Priorytetem dla Zdaniewicza jest wykorzystanie na końcowym etapie warzenia piwa polskich odmian chmielu zwyczajnego, m.in. Marynki, Izabelii czy Oktawii. – Są też inne, stare, niemal zupełnie zapomniane odmiany, które staramy się pozyskiwać od plantatorów – dodaje naukowiec. – Chcemy, aby wyniki naszych prac miały wpływ na poprawę walorów smakowych piwa – zapewnia.
Podkreśla, że ważnym aspektem jego badań dotyczących produkcji piwa jest taka technologia produkcji, która nie będzie powodować zbyt dużej ilości zanieczyszczeń w postaci ścieków. – Moje badania przyczynią się do wprowadzenia ekoinnowacji w zakładach piwowarskich – twierdzi.
– Niewielka ilość aktualnej, polskiej literatury piwowarskiej powoduje, że często entuzjaści piwa mają ograniczone możliwości poszerzania swojej wiedzy. W związku z tym na stronie internetowej projektu znajdą się jeszcze w tym roku praktyczne informacje nie tylko dla przedsiębiorców, ale też dla pasjonatów złocistego trunku – opowiada Zdaniewicz. Bardziej zaawansowany know-how związany z użytymi technologiami będzie z kolei udostępniany na zasadzie licencji.

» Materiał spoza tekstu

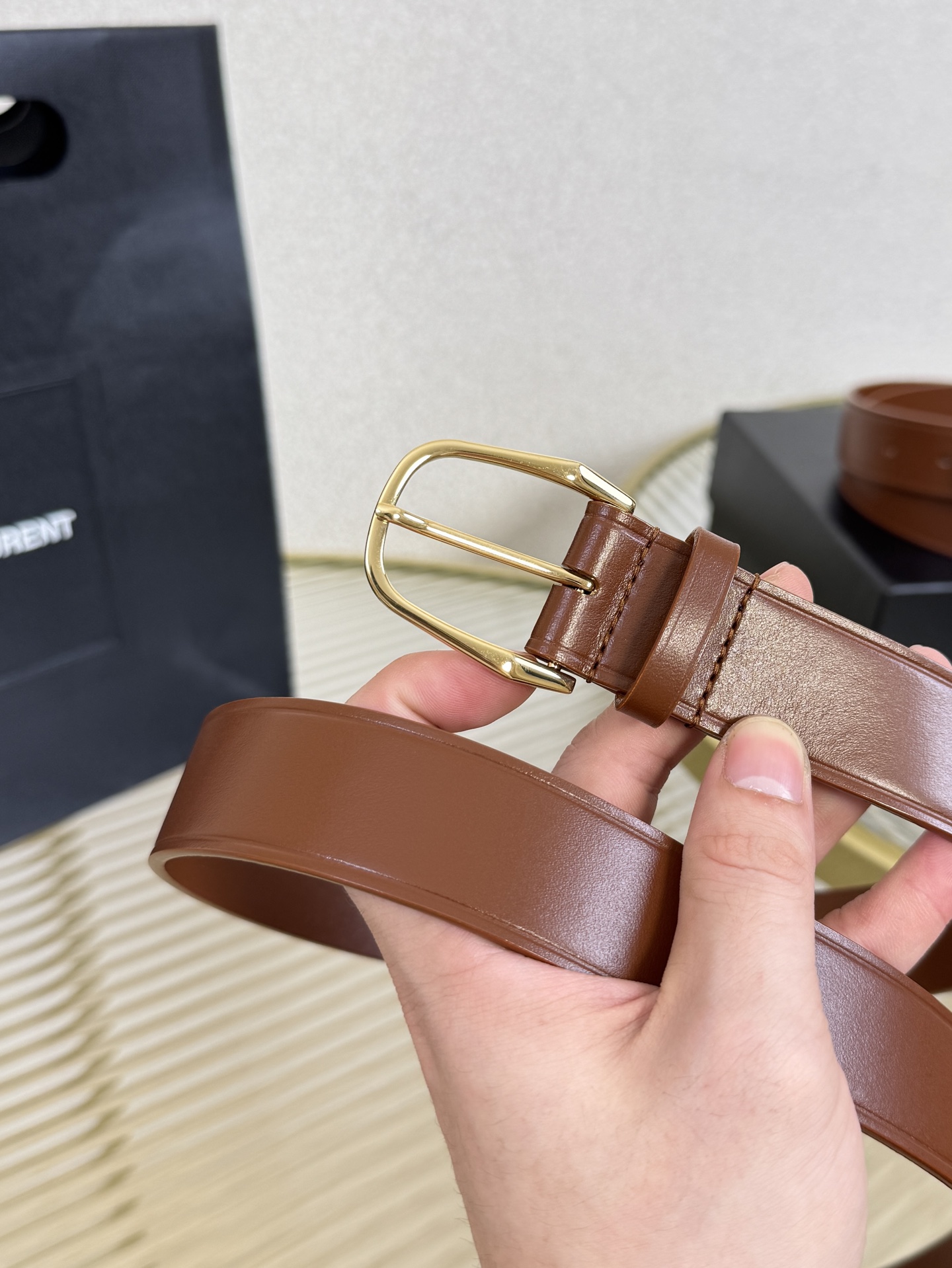 2025 开春秀款Saint Laurent 圣罗兰女士腰带皮带 原厂真金电渡扣头，意大利原厂皮，宽3.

– Niemal każdego dnia w Polsce ma miejsce premiera ok. 3 nowych piw. W powstawaniu tak dużej liczby nowych rodzajów złocistego trunku mają swój udział zarówno niewielkie browary restauracyjne, średniej wielkości browary kraftowe czy rzemieślnicze, jak i potężne koncerny piwowarskie – opowiada. Dodaje, że polskie chmielarstwo zajmuje bardzo wysoką pozycję na świecie.
Zdaniewicz od lat zajmuje się tematyką piwowarstwa. Na potrzeby przygotowywanego doktoratu pracował w browarze w Żywcu, a później na Uniwersytecie Leuven w Belgii, gdzie działał na znacznie mniejszych warzelniach, a później również na Uniwersytecie Stanforda. Na najnowsze badania otrzymał grant finansowany przez Narodowe Centrum Badań i Rozwoju w ramach programu Lider.